## EXTRACTED INFORMATION

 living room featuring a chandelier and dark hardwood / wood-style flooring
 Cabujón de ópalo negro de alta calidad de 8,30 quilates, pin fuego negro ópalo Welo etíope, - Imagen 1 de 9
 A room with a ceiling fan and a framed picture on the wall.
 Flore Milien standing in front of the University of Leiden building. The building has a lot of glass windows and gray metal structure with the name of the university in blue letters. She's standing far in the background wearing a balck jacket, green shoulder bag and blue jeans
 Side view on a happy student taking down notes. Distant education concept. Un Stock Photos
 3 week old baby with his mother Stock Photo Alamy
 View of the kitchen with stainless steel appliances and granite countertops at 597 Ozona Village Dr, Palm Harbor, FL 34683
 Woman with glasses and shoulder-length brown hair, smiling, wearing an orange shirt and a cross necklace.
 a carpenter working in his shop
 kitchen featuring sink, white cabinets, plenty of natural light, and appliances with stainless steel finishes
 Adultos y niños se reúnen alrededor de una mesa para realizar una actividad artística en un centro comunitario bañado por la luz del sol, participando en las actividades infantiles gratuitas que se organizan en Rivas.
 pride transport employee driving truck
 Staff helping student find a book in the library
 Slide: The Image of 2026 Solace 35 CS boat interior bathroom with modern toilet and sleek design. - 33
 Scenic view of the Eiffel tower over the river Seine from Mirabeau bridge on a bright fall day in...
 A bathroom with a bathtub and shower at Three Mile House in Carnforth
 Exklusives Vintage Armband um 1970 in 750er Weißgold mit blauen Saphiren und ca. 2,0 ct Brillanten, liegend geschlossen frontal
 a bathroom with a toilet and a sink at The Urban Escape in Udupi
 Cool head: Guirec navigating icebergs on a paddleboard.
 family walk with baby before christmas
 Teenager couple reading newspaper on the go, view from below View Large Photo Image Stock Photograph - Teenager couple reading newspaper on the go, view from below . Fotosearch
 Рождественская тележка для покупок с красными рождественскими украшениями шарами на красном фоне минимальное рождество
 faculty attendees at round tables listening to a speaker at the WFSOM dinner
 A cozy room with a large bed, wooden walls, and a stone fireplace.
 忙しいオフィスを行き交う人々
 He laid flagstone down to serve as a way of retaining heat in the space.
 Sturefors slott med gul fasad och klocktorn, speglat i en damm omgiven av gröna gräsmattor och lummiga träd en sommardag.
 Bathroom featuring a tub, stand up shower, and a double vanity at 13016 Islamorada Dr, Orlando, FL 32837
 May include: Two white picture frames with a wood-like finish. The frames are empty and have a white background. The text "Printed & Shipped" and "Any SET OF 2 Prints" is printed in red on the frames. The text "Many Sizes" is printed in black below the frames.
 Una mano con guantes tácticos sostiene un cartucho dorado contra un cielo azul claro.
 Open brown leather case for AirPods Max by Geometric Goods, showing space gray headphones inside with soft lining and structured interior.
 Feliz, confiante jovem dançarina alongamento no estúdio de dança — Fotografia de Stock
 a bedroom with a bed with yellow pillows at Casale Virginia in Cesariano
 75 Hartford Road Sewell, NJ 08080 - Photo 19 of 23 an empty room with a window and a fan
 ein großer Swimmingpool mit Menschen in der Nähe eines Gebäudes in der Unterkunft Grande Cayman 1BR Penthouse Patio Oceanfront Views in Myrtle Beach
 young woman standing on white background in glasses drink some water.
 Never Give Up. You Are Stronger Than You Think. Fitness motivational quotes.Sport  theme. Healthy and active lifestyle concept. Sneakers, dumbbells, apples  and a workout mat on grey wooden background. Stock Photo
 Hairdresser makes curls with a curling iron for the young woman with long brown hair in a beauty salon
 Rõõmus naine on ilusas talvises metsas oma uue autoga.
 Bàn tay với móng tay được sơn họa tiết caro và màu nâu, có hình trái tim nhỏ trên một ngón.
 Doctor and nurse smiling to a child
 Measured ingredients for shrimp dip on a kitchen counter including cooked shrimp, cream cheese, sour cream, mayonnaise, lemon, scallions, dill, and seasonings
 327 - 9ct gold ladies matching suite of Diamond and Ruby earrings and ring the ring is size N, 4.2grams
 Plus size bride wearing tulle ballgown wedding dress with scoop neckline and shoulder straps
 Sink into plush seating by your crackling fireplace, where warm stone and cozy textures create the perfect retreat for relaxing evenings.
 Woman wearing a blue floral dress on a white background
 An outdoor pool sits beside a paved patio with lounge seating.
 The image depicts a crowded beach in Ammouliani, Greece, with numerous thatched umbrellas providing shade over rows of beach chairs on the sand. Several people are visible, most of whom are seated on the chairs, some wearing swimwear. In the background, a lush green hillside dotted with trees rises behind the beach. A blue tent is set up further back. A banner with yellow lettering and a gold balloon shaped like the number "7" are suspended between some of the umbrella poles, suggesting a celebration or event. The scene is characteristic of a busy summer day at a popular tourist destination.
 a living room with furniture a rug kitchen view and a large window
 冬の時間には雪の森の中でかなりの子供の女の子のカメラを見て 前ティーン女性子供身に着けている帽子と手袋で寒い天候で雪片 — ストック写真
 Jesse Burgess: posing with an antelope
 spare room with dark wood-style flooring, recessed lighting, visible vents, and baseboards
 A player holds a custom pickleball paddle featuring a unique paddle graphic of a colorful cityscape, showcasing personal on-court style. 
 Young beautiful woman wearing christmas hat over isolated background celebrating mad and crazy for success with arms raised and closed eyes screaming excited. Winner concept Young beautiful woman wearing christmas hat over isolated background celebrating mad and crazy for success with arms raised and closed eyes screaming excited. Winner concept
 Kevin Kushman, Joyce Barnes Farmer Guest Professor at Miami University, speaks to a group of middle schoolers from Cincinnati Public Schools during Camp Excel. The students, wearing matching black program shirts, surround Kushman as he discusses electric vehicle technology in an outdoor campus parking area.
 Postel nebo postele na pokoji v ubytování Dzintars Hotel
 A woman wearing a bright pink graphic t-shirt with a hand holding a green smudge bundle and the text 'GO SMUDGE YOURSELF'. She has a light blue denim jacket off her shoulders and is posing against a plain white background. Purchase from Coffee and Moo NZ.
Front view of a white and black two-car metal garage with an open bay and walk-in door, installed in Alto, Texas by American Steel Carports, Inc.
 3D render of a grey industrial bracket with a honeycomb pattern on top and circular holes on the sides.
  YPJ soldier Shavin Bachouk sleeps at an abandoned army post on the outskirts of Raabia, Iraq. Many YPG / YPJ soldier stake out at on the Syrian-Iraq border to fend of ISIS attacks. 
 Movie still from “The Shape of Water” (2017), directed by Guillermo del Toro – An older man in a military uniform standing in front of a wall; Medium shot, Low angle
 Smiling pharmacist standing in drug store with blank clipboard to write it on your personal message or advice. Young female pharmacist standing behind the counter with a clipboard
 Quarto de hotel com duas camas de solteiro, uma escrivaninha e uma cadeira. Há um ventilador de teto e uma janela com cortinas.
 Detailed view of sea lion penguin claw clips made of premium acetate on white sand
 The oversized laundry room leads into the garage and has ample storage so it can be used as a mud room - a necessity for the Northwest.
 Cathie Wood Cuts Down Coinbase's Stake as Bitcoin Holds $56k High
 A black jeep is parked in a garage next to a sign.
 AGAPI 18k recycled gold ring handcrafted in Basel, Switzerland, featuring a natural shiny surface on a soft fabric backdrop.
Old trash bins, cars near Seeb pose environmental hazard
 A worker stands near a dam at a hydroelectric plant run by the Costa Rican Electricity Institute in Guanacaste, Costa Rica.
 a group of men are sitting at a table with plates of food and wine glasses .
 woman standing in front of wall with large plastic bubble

## DESCRIPTION OF THE TASK
Could you return, word for word, only the lines running from the first line of the material above to the line that contains "A room with", inclusive?

## EXERCISE RESPONSE
 living room featuring a chandelier and dark hardwood / wood-style flooring
 Cabujón de ópalo negro de alta calidad de 8,30 quilates, pin fuego negro ópalo Welo etíope, - Imagen 1 de 9
 A room with a ceiling fan and a framed picture on the wall.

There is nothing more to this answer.